I then realized that I smile, not only for me, but for others. I smile nonstop when people see me, because I'm always enjoying the presence of others. 

I LOVE being with and around people.


  And I also have learned that throughout my life, I've always tried to make others around me smile and feel some happiness. Why? I know not. Probably because everybody looks good with a smile on their face :D



Then there are times where I remember how great it is to have something to smile about. I look back at my Freshman year. Before I moved to Timpview, I lived in a middle of nowhere town and had tons of awesome friends that I could go hang out with and do anything at anytime. Life was amazing.


Then I moved.

I had been uprooted and now lived in a place that always had noise and thousands of people.  I went to a school where I wouldn't be able to know everybody's name (though I sure tried over the years) just through sheer dint of numbers.  



Being as it was January, everyone knew everyone and was totally comfortable. I wasn't. Coming from a small, middle of nowhere town was rather hard for me. The Commons were a constant struggle just because I did not want to be rude at all and perchance offend somebody (don't worry I got over that worry). And to make matters more difficult, I had that issue almost every person that moves in to a new place has.  



Making new friends was hard. 
 It took me about two months to really make a few friends (Thank you band) that I would hang out with at school. Before that point I went to classes, felt embarrassed I knew the answer to every question {small classes move through material faster than big classes}, ate lunch ALONE in the cafeteria, then watched the chess club play chess. After which I'd go back to sitting in the corner in class.


What does any of this have to do with me smiling? It made me appreciate the power of a smile. People say that a smile can really make a person's day. Fact is, the saying is true. I made it a specific goal in my life to help others smile. What has it gotten me? Well it has turned my smile.... 
 into a...


 Smile    of     HAPPINESS






 
 
SUCCESS!! ^.*





The End!








































Okay, you caught me. That was not in fact the end of the post. But I rather had you fearful of the end for maybe two seconds right?  

 Today, I will type of a concept that has seriously been nagging in the back of my mind for the past month. 


The subject at hand? Just the word popular. 
           

pop·u·lar

[pop-yuh-ler] 
adjective
1.
regarded with favor, approval, or affection by people in general: a popular preacher.
2.
regarded with favor, approval, or affection by an acquaintance or acquaintances: He's not very popular with me just now.

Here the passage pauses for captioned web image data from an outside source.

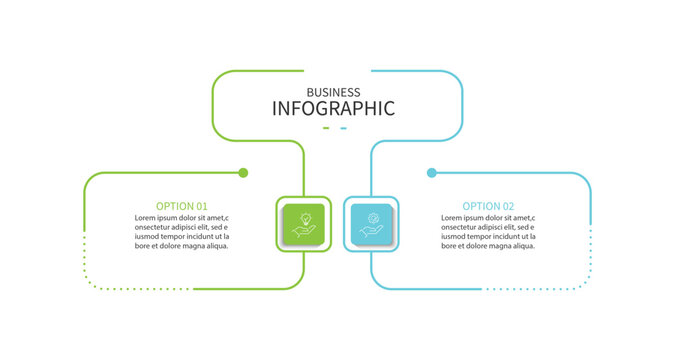 Business infographics. Infographics with 2 steps or options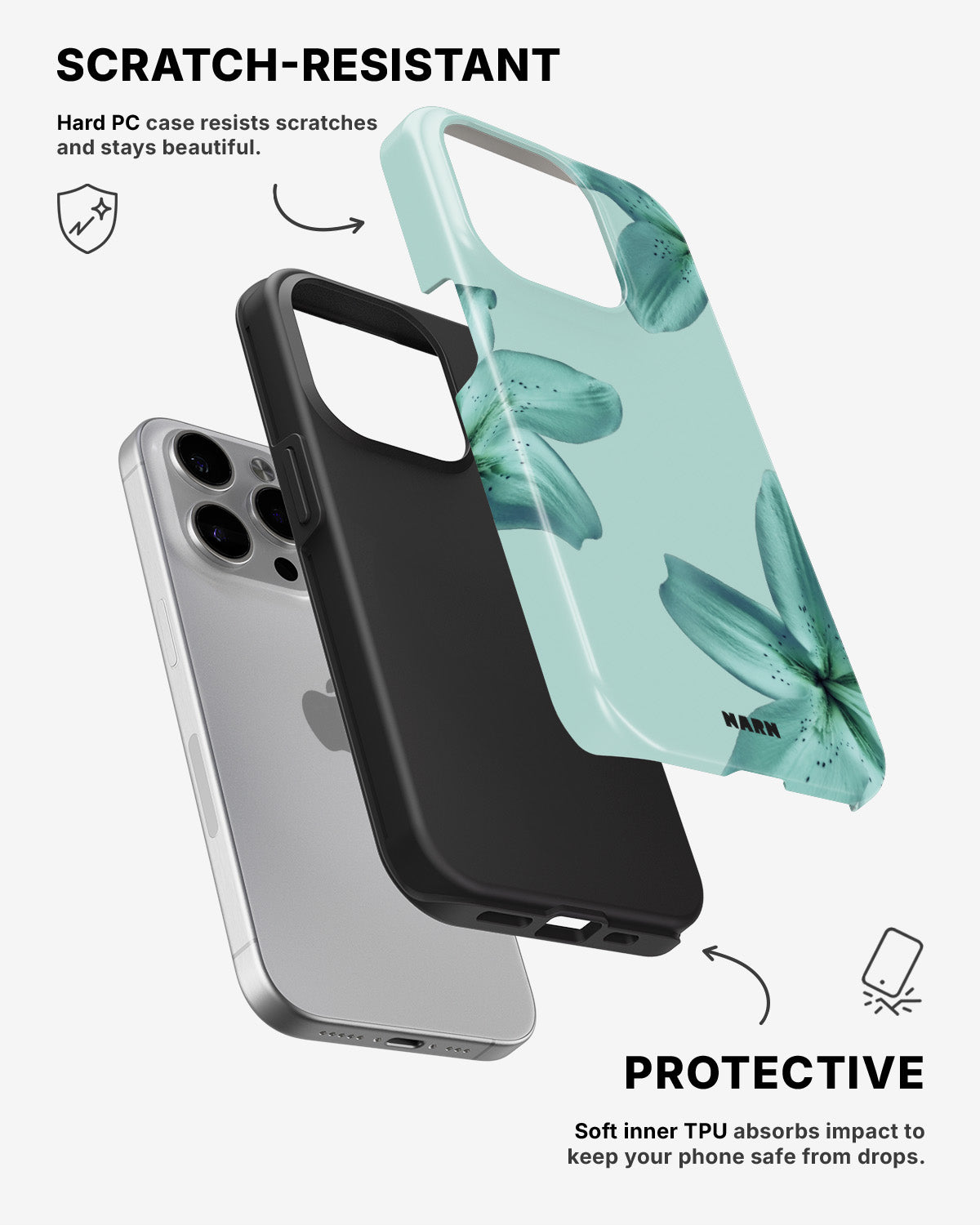 iPhone 15 Pro Tough Case – Sea Lily - View 2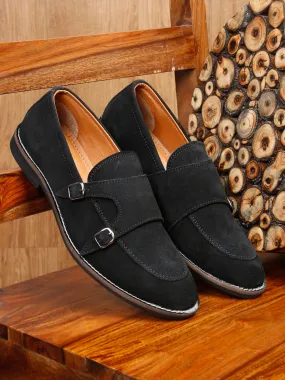 Teakwood Leather Men Solid Black Round-Toe Monks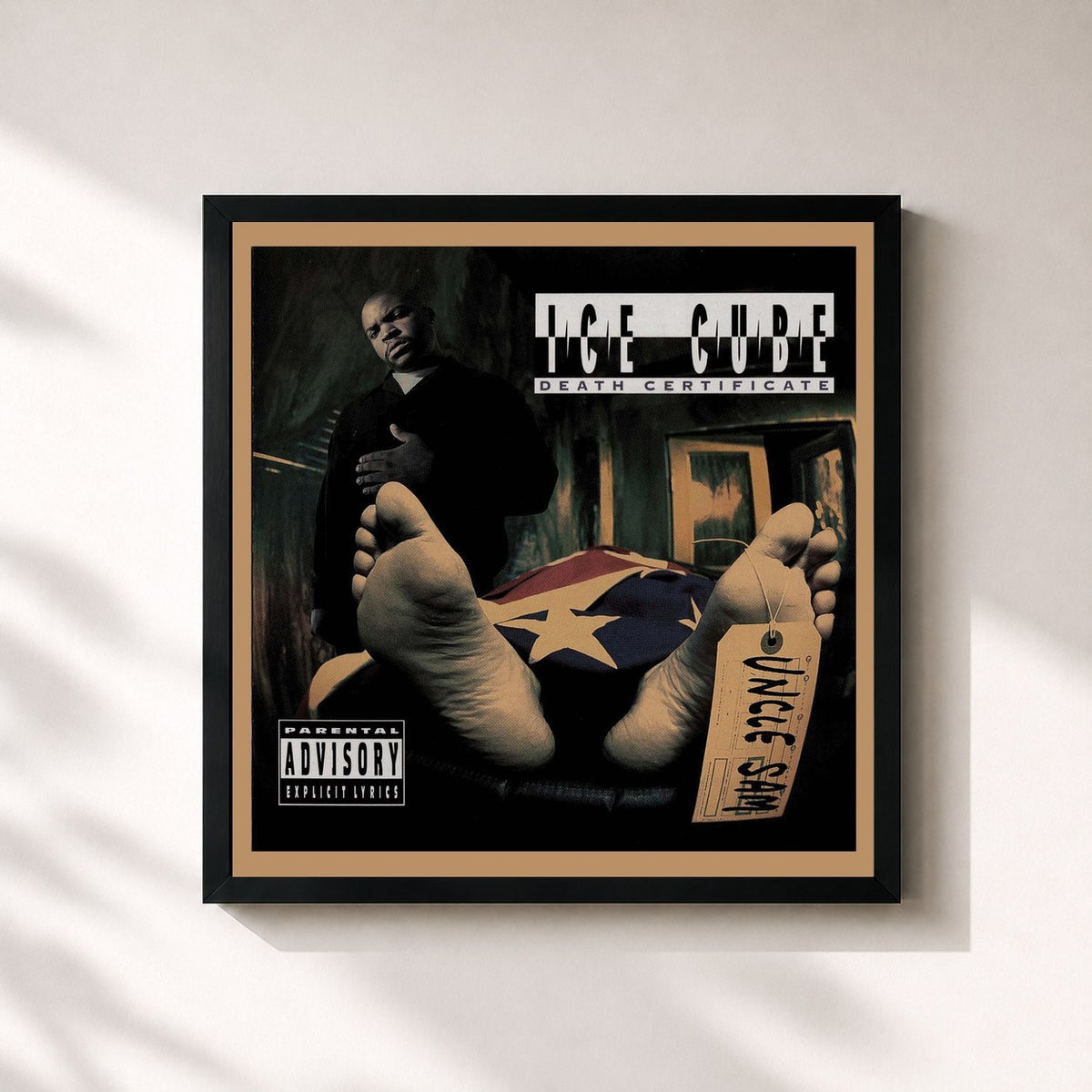 #noir Tableau carré de l'album Death Certificate (Complete Edition) de Ice Cube, cadre noir 32x32 cm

You may be more than a tad quizzical as to why this word has been irking my psyche. Honestly, it's something I never wanted to be. Everyone knows the popular people are complete snots that spend their hours attempting to contemplate a new routine of crushing and attacking anyone and everyone. 

Coming from a rural area, I never saw one of these stereotypical popular persons. Everyone was (more or less) friends with everyone. Sure there were a few declared blood feuds, but EVERYONE was civil, if not outright kind. We all knew that only city kids could possibly be so mean to one another.

Why all the seemingly random backstory? Well... recently one of my I have been accused of being popular.The sad part? I think it might be true. This past year I've been hearing all about it. I''ve had people "hear that [I'm] good at back massages" or other such knowledge about me. Apparently I am spoken of fairly often. How do I know this? Well just the other day I met a girl who knew of me. Weird stuff. NOW it's the end!